Publicado en La Prensa, febrero 22, 2006
Un principio, vale la pena aclarar, es una política o modo de accionar inmutable, una verdad básica cuyo valor radica en que debe ser aplicada en todo caso y de manera imparcial. Aquí es donde seguramente ya se han perdido muchos de los que empezaron a leer esta nota, porque si algo carece nuestra sociedad es el concepto de “imparcialidad”. Al margen de condición social, inclinación ideológica o genero, en nuestro cotidiano accionar actuamos bajo la premisa que “todo es personal”, y por ende el concepto de imparcialidad no forma parte de nuestro vocabulario. El problema con reducir todo a “quién” lo dice o lo hace, y omitir casi por completo “qué” dice o hace, es que – en el sentido más elemental – creamos un vacío ético y atentamos contra el espíritu de la seguridad jurídica.
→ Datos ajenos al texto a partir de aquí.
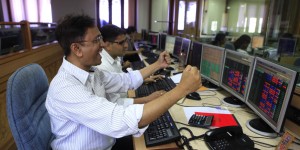 MUMBAI, INDIA - MAY 13: Stock traders rejoice the as Sensex rose to a third consecutive record high at Bombay stock exchange on May 13, 2014 in Mumbai, India. The Sensex hit a record high of 24,068.94, surpassing the psychologically important 24,000 mark for the first time in its history surging after exit polls showed the Bharatiya Janata Party and its allies winning a majority in the elections. (Photo by Anshuman Poyrekar/Hindustan Times via Getty Images)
La seguridad jurídica, ciudadanos, no es una ley muerta que yace en algún rincón de la Corte Suprema de Justicia, sino una ley viva, que se manifiesta hasta en las reglas de tráfico, y que parte de un principio básico del derecho individual a la integridad física, a un debido proceso, la presunción de inocencia, y a la libertad, no porque suena bonito, sino porque permite creer –tener fe - en el sistema. Cuando no hay confianza, la capacidad de la sociedad de cooperar, de coordinar, aun en lo más básico, o lo que Felipe González llamaría “traer la comida a la mesa”, se desmorona. Entonces nadie cree en nadie, y decir “las ocho en punto”, o “te voy a llamar”, no tiene validez, deja de ser un contrato creíble, y el resultado – ojalá sea aparente - es una sociedad subdesarrollada.
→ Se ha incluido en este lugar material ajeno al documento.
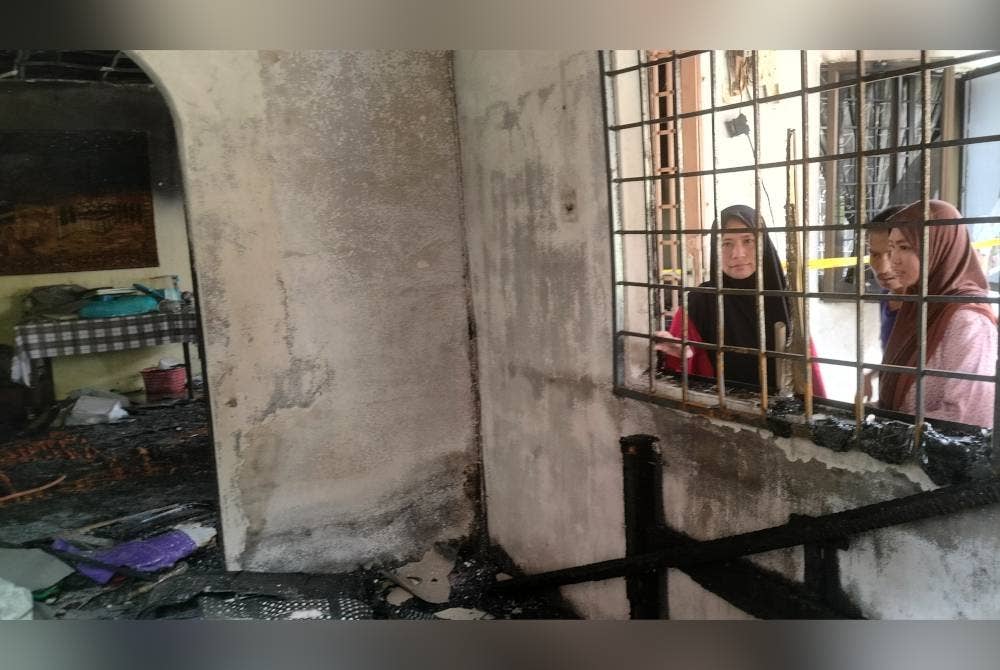 Nor Azuraida (kiri) dan adiknya Nurul Aina Fitrah meninjau keadaan dalam rumahnya yang hampir musnah dalam kejadian kebakaran pada Rabu.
Si el Presidente electo de Chile hubiese sido el derechista y empresario Sebastián Piñeira, la política de acercamiento de nuestro gobierno, creo yo, hubiese sido radicalmente diferente. Si un empresario bananero jamás hubiese enfrentado a Su Excelencia antes de abordar su avión, la primera reacción ante el sentido incidente fronterizo, creo yo, hubiese sido también diferente. En el primer caso el impacto del “todo es personal” es bueno, muy bueno, ya que permite a nuestro país restablecer una conversación diplomática en aras de lograr una salida al mar. En el segundo caso no es tan bueno, y por el contrario, el resultado pudo haber sido pernicioso. Ante el escrutinio de la prensa y de la opinión pública, se ha reivindicado el derecho de presunción de inocencia de toda una industria, y esperemos también el derecho a trabajar de cientos de individuos. Pareciera, entonces, que el pueblo boliviano está vigilante para que esta “nueva manera de hacer política”, este guiada por principios básicos, y que está dispuesto a censurar a quienes actúen intempestiva e impulsivamente.
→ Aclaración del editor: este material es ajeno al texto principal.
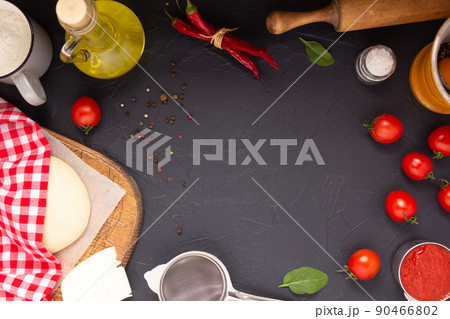 Pizza and dough homemade cooking with ingredients on table. Pizza with sauce at tabletop 90466802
Aparece estos días una publicidad que llama a “respetar los derechos de las minorías”. Lo he visto una sola vez, y no tengo la menor idea quién lo financia, ni pienso sentarme frente al televisor para averiguarlo. No es mi intención convertir tal aparentemente inocuo principio en un tema “personal”, pero la honestidad intelectual me obliga a señalar que dicho principio se origina en la piedra angular de la Constitución Norteamericana, los Papeles Federalistas, específicamente en el Papel No. 10, en el que Madison advierte sobre el peligro de la “tiranía de la mayoría”. Evidentemente la mayoría no tienen derecho a violar los derechos inalienables de una minoría, simplemente porque es minoría. Bueno, ciudadanos, aparece en nuestra cosmología social una nueva minoría, y son los empresarios privados. El país, como dice el anuncio televisivo, será más pobre sin el aporte de las minorías. La pregunta es, ¿vamos a tratar a esta minoría con principios, o se va a volver esto un tema personal? Todos esperamos que este primer incidente sirva de lección para que la tolerancia, la diversidad y la inclusión sea un discurso sincero, basado en principios, y no sea la demagogia de antaño que tanto mal ha hecho, y que ha dejado un vacío ético monumental.